It is this deeper question of Who Are We as couples, as people, that Fincher and Flynn seek to explore. We quickly learn that Nick and Amy aren’t the perfect American couple that everyone thinks they are. They may not even be the people they made themselves out to be. But the strength of Flynn’s story comes in the preconceptions of these seemingly perfect East Coast-educated, Midwest-raised Americans; we should see them as archetypes of the perfect couple insofar as to give us the chance to shatter those molds. Gone Girl isn’t much of a mystery story -- either Amy is dead or she isn’t -- because it functions at a much higher level as a social deconstruction of the way people assume different personalities in order to please, manipulate, or entrap one another. Which version of yourself will you be when you date someone? When you’re around family? When you’re on TV? Who will you be five years later? Ten years later?

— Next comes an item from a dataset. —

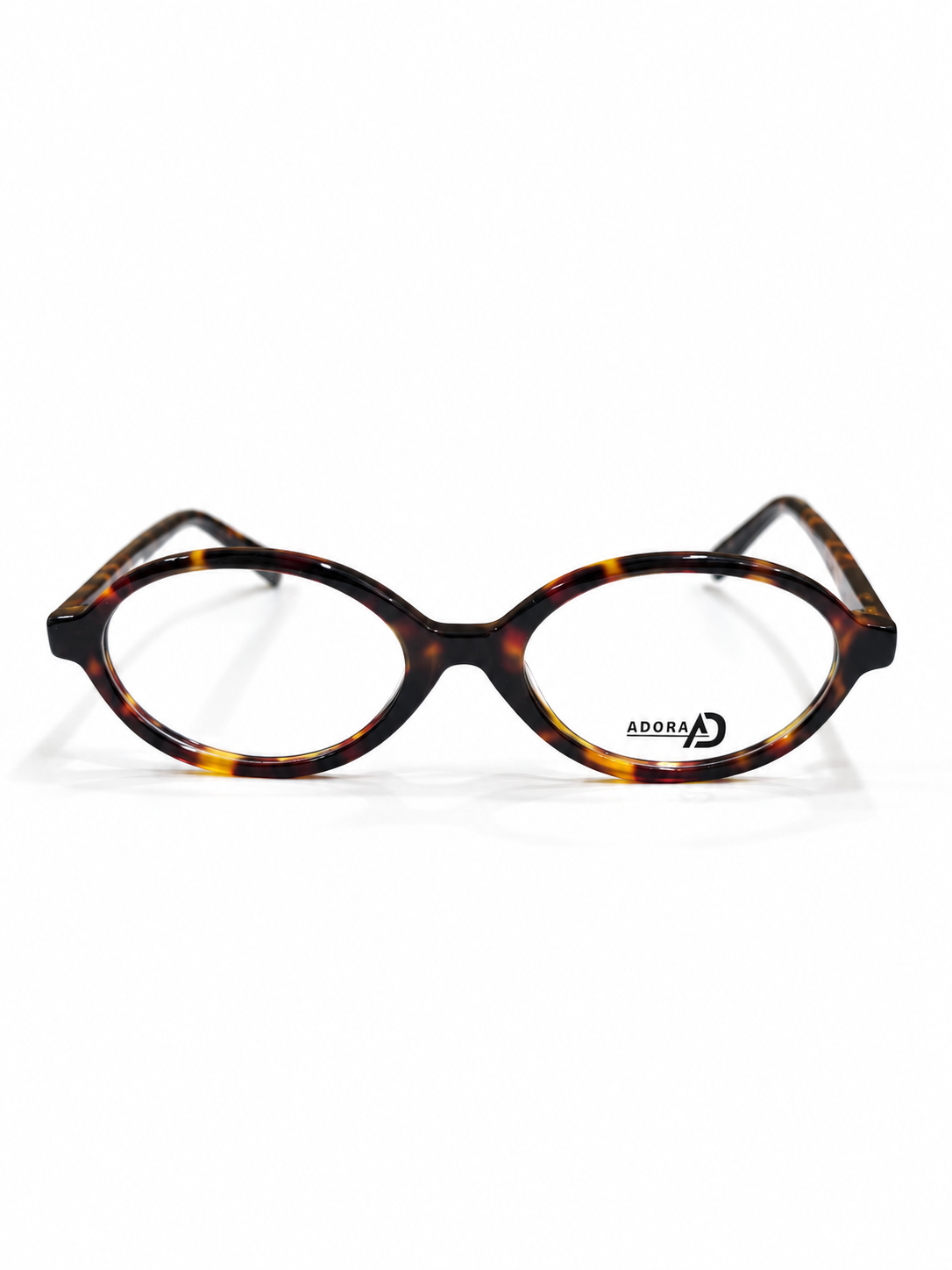 Eyewear on a Seamless White Background-4 نظارة طبية ترندي - الصورة 1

I have not yet read Flynn’s novel but I’m deeply intrigued by her worldview. Amy Dunne is obviously a proxy for Flynn -- a sensationalized, fictionalized, alter ego that may or may not reveal some of Flynn’s own desires. Amy, like Flynn, is a writer in New York who loses her job during the recession. There are multiple mentions of her parents’ success, her own trust fund, and the doting perception of Amy as the conduit for the successful books starring “Amazing Amy.” The implied motive behind Amy’s actions is her desire to construct the ultimate fairy tale; she needs to define herself -- escape from what the media, the job, the family want her to be -- by writing her own story. And who better to star in that story than her and her husband? 

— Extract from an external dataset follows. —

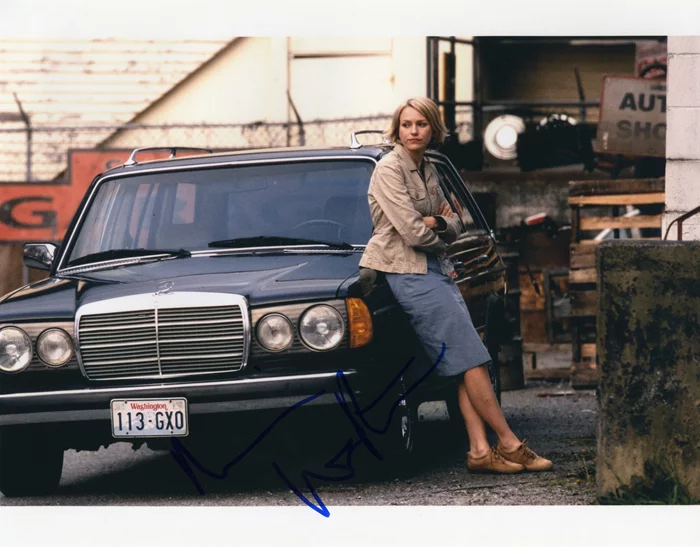 Naomi Watts autograph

There have been some charges that Flynn’s story is misogynistic, that it only cares to present women as liars who resort to depraved acts -- e.g. fabricating rape charges -- in order to get what they want. But I think these claims miss the point of Flynn’s story. She clearly paints Amy as a villain, as someone snobby and spoiled and consequently, incapable of facing the real world through normal means. Amy contains, not unlike many real men and women, certain strengths to face the world as well as many shortcomings. She may be a liar and a morally empty character but there are, and should be, complex female villains who draw our ire more than our admiration. Who’s to say the evil mastermind orchestrating the traps can’t be a cunning but ruthless woman?

It seems almost unfair that Flynn’s darkly funny material was directed by Fincher, who I believe to be a cynic with a perversely sharp sense of humor. After a particularly bitter argument about the uselessness of marriage, Amy declares, “That’s marriage!” It’s a razor-sharp line that could stand as the film’s thesis statement as much as Fincher’s personal coup de grĂ¢ce.

Given Fincher’s perfectionist standards, it's no surprise Gone Girl looks, sounds, and feels exquisite. Its every camera move, lighting setup, and syllable of dialogue (or sometimes lack of words) is crafted with a purpose towards revealing something deeper about human interactions beyond simply “Where’s Amy?” Cameras are often tilted just below eye level, enough to reveal the ominously constricting crown molding adorning the suburban homes as if each room were the most luxurious beige cage a middle-class American could hope for. Nick’s world is a drab collection of blues and greys when Amy disappears; Amy’s recounting of their early courtship is steeped in a golden hue. Even the film’s most gruesome scene is a morbidly elegant exercise in restraint, tempo, sound mixing, and compositions. 

Alfred Hitchcock, perhaps the quintessential master of psychological horror, observed a simple rule: “Shoot your murder scenes like love scenes and your love scenes like murders.” I can’t imagine David Fincher tackling Gone Girl, a psychological horror lifted directly from Hitchcock’s portfolio, without abiding by this same rule. The film practically oozes trademark Hitchcock -- the unreliable narrator(s), the personality changes, the psychology of murder, and the idyllic Blonde. And yet, Fincher manages to spin author/screenwriter Gillian Flynn’s twisty narrative into something intrinsically his own, something slyly subversive but brilliantly entertaining. He bridges the tonal divide between killing the one you love and loving the you kill with such grace that I'm afraid of its ultimate takeaways regarding marriage and intimacy. Perhaps that's the point.